= Mattabesset =

Mattabesset was a region and settlement once occupied by the Wangunk, a historical Native American tribe, along the Connecticut River. The Mattabesset River reaches the Connecticut River near Middletown, Connecticut. European settler colonists established Middletown on the part of the region on the west side of the river, and a succession of settlements on the east side of the river, including Chatham and Middle Haddam, became East Hampton, Connecticut.

==Name==
Romanizations vary widely, including Mattabesec, Mattabeseck, Mattabessett, Mattabesset, and Mattabéeset. However, it is widely known to be pronounced “Matta-bess-ic” despite usually being spelled “mattabesset”

==History==
This region was occupied by Wangunk, an Algonquian language-speaking Indigenous people of the Northeastern Woodlands. Dutch colonizers initially visited the region in 1614. At the time of English incursions into the area, the local sachem, or Native political leader, was Sowheag, also known as Sequin. After conflict with settlers, he moved from the village of Pyquaug, later known as Weathersfield, Connecticut, to Mattabesett.
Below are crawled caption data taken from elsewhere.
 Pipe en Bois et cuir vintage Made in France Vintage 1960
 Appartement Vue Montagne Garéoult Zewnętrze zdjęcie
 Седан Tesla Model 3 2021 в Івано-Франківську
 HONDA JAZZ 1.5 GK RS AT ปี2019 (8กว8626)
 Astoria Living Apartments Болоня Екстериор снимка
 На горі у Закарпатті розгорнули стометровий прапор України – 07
Nineteenth-century historian John Warner Barber wrote:

The lands in this township were obtained from the Indians in connection with the lands in Middletown. But a reservation, laid out partly at Indian hill, and partly a little east of the Chatham meeting house, was held by them till about 1767; when, having dwindled to small number, they sold their right, and united with the Farmington Indians. These Indians have been sometimes called Wongonks or Wongoms, but the reservation was for the heirs of the Sowheag and Mattabessett Indians, and they were doubtless of the same tribe with the Indians on the west side of the river. A little clan inhabited, or frequented, the region about Pocotopogue pond, and had a place of rendezvous on the principal island which that encloses. These were also, probably, a part of the Mattabessett Indians.

In 1650, the General Court of Connecticut sent researchers to the Mattabesett region, who concluded that Middletown and Chatham could support 15 families. Sowheag apparently had ceded some of the land to Governor John Haynes.
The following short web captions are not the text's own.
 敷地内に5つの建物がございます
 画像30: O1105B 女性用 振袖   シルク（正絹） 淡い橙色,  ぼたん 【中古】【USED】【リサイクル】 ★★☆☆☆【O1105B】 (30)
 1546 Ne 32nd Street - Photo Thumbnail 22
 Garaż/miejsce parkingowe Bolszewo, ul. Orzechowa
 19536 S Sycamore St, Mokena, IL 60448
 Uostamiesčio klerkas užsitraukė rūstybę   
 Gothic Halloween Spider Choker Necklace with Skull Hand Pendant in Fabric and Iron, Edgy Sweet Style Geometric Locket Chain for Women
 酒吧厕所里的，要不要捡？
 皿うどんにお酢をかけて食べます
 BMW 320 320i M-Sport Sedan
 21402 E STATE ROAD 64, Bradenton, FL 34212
Connecticut established three reservations for the Wangunk people in Middletown and Chatham. The Wangunk occupied one in the Newfield neighborhood of Middletown through 1713. In Chatham, one was established for a man named Sawsean and his descendants. The third, 300 acres, was established for Sowheag, the sachem of Mattabesett, and the Native peoples of Mattabesett. In a 1761 survey of Indigenous peoples in Connecticut, local Native peoples still resided at "Mattabéeset (at Wongunck, opposite Middletown)."
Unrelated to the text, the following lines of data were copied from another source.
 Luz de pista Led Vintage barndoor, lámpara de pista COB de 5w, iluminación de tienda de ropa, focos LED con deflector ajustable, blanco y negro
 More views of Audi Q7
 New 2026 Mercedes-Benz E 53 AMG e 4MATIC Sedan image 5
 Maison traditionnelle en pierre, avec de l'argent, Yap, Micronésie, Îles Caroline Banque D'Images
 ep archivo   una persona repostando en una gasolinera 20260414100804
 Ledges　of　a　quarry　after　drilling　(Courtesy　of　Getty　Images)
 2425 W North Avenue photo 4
Archaeologist Bert Salwen writes, "Names like Nipmuck, Pocumtuck, and Mattabesec sometimes appear in the literature as designations for large 'tribes' or 'confederacies' (Speck 1928a: pl. 20; Swanton 1952), but this usage does not seem to fit the seventeenth-century situation. At best, some of these names may reflect linguistic or cultural homogeneity, but the scarcity of evidence makes even linguistic identification difficult in most cases (Day 1962, 1969)." Both Salwen and Ives Goddard contest the idea of a "great Delaware-speaking Wappinger-Mattabesec confederacy stretching from the Hudson to the Connecticut" rivers.